Here’s a rundown of his six energy alternatives, his target prices, and why he thinks they should be bought.


Kicking off with Toyota Motor ($75.01), his favorite conservation play and which he expects to become the Wal-Mart of the world’s auto industry, Mr. Leeb notes that China, India, and Russia have all sustained double-digit growth in automobiles; likewise, that cars are among the products most leveraged to growth in emerging economies. With its exceptional finances – it’s one of the few worldwide companies with a triple-A credit rating – and extraordinary manufacturing capabilities, Toyota, observes Mr. Leeb, is the carmaker best positioned to provide the huge number of fuel-efficient cars that these and other countries will demand.


Next is Exelon ($39.86), the nation’s largest nuclear utility. With natural gas prices climbing and a growing demand for electricity, even rising uranium prices will leave it in an enviable position. Higher margins, higher usage, and possibly, some potential for expansion could lead to double-digit growth. With Wall Street projecting 5% growth, double-digit gains would translate into a sharply higher P/E multiple, along with higher earnings.


A utility holding company, FPL Group ($69.43) is another pick. It has considerable growth potential being overlooked by Wall Street, observes Mr. Leeb. The Street estimates five-year growth at 4%-5% in line with its regulated businesses, but over the past five years, revenues and income from un regulated activities have grown by better than 35% and now represent about 15% of FLP’s overall revenues. The best may lie ahead, notes Mr Leeb, who points, in particular, to the prospects of one company component, FPL Energy, the country’s largest wind generator with a better than 40% market share and a sizable backlog of wind projects; some experts, it is pointed out, suggest wind is the cheapest way to generate electricity.

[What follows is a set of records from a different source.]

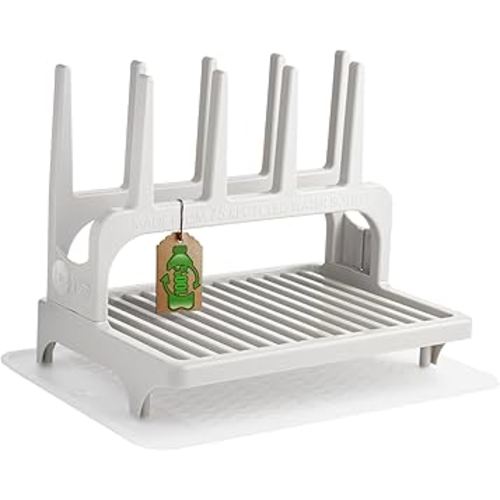 PopYum Seattle Gray Space Saving Drying Rack from 100% Recycled Bottles with Clear Frosted Silicone Drying Mat, countertop for Baby Bottle, Plastic Bags, Cups, Glass, tumblers, Compact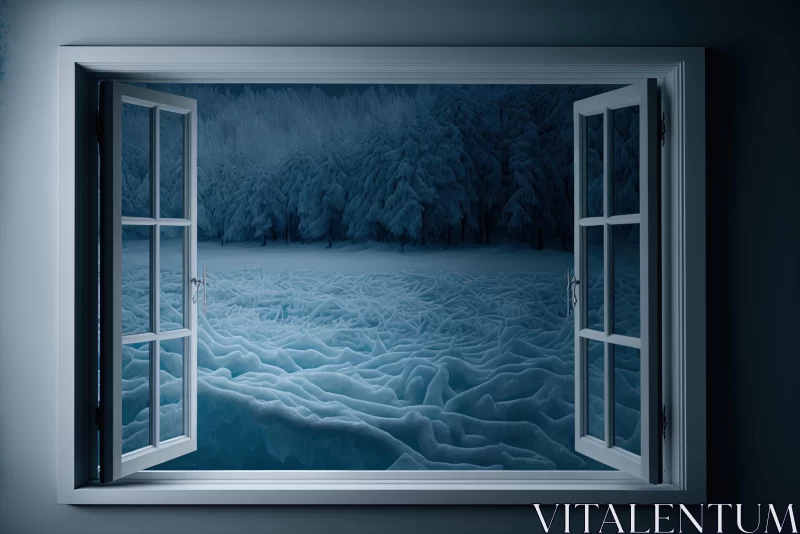 Captivating Winter Landscape: Surreal Dreamlike Scene AI Image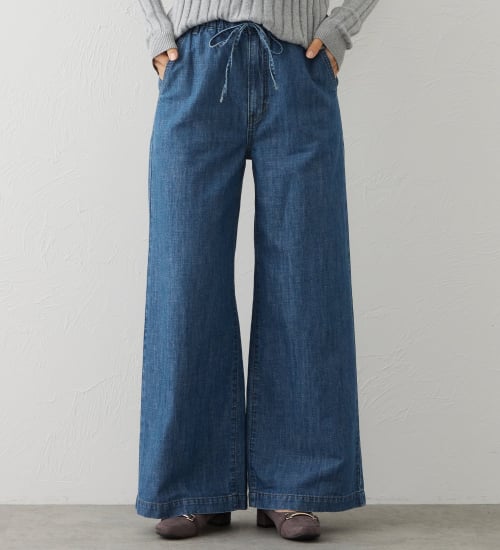 EDWIN(エドウイン)のEDWIN LADIES リネンブレンド イージーワイドデニムパンツ|パンツ/デニム / ジーンズパンツ/レディース|淡色ブルー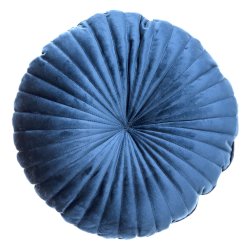 Coussin Coquille 43 cm Non Déhoussable Velours Uni Bleu Marine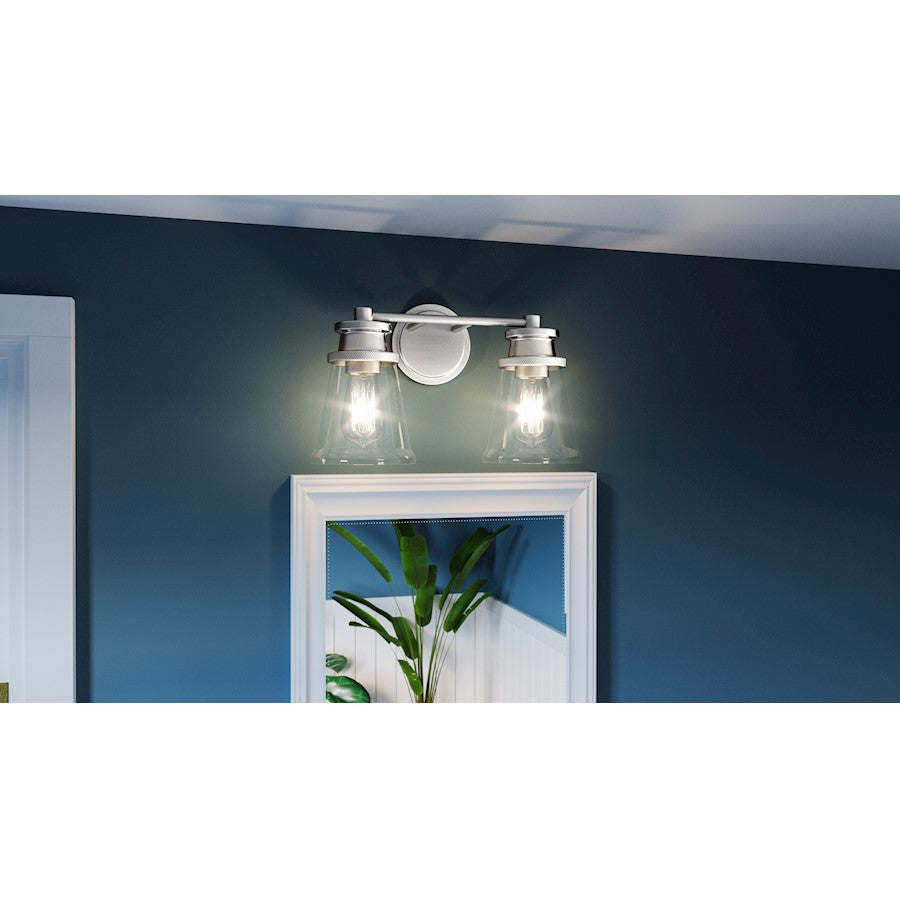 2 Light Bathroom Vanity Light, Polished Chrome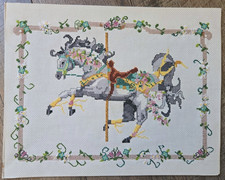 VTG Handmade Embroidery Needlepoint Cross Stitch Art Carousel Horse 11" X 14"
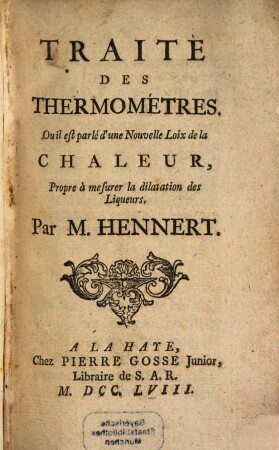 Traité des Thermométres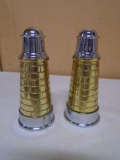 Set of Brass & Chrome Lighthouse Salt & Pepper Shakers
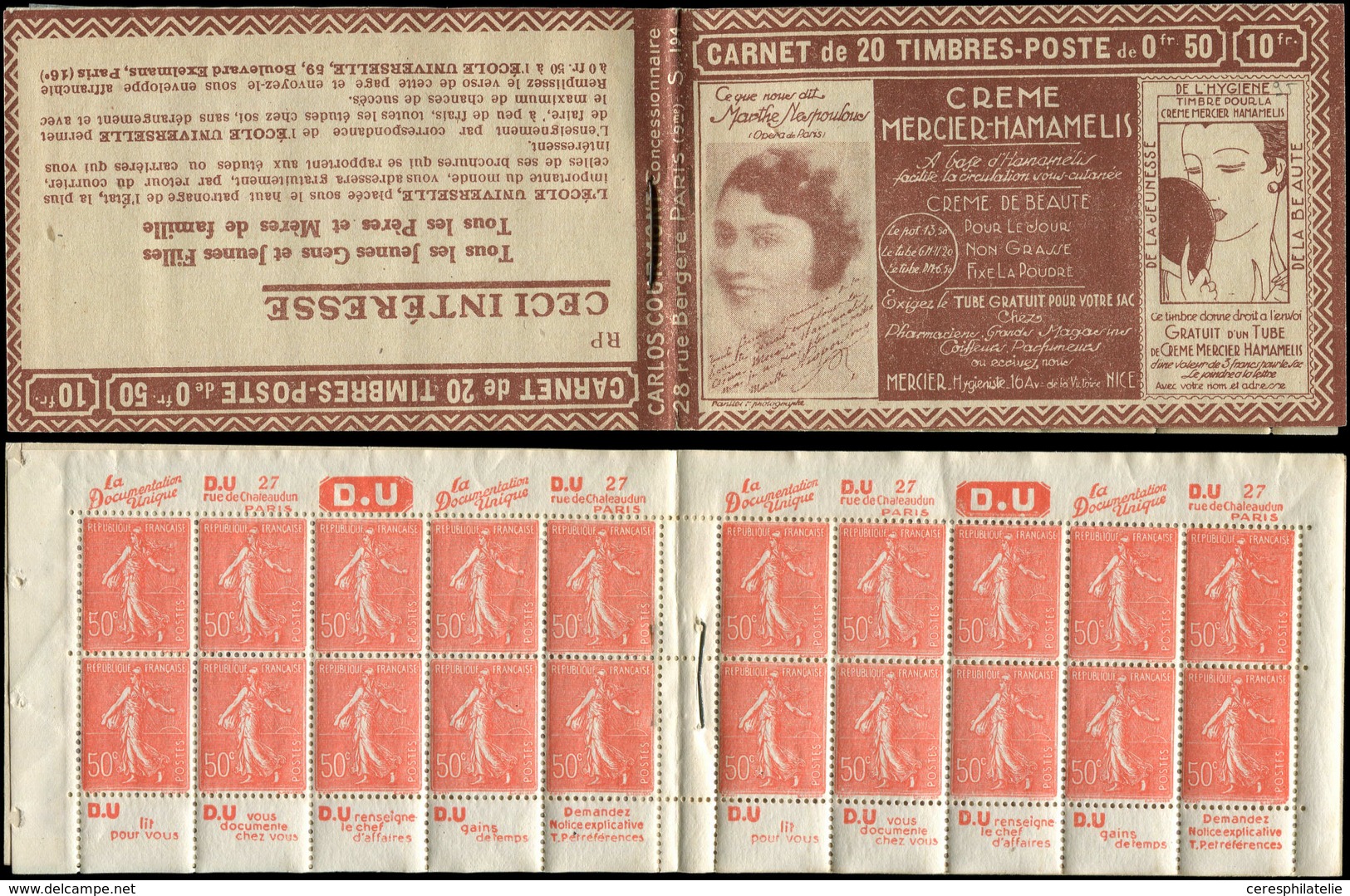 CARNETS (N°Cérès Jusqu'en1964) - 95   Semeuse Lignée, 50c. Rouge, N°199B, T IIB, S. 194, MERCIER HAMAMELIS, Haut De Feui - Otros & Sin Clasificación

Another favorite is Canadian-based Cameco ($83.84), the world’s only significant uranium producer. Emerging economies like China and India have little choice but to increase their reliance on nuclear energy, boosting uranium demand, Mr. Leeb said. Cameco, he adds, stands to benefit both from a tighter market and its own aggressive expansion plans. Trading at nearly 20 times forward earnings, the stock, observes Mr. Leeb, isn’t cheap for a mining concern, but it’s very cheap for a company likely to grow by better than 20% a year over the next five years.


Liquefied natural gas is an energy source whose use will grow in coming years and Mr. Leeb figures over the next 15 years it could add the equivalent of 5 million to 6 million barrels of oil a day to the world’s supply. That won’t solve our energy problems, but it will help, he said. One company with a critical LNG role is Air Products ($53.22), which makes heat exchangers that are vital in converting natural gas into liquefied natural gas that can be stored and shipped. Yet another reason Mr. Leeb likes Air Products: It produces hydrogen, which is vital in refining alternative fuels, including the vast Canadian tar sands.


Speaking of tar sands, Mr. Leeb also favors Canadian Oil Sands ($52.07). Canadian tar sands reserves, containing nearly 180 billion barrels of oil, are the world’s second largest body of potential oil reserves after Saudia Arabia’s oil reserves. The catch is that mining them is both difficult and expensive. Mr. Leeb observes that Canadian Oil Sands, despite being plagued by cost over-runs, is the only significant oil trust capable of generating solid double-digit in production, earnings and income over the next decade.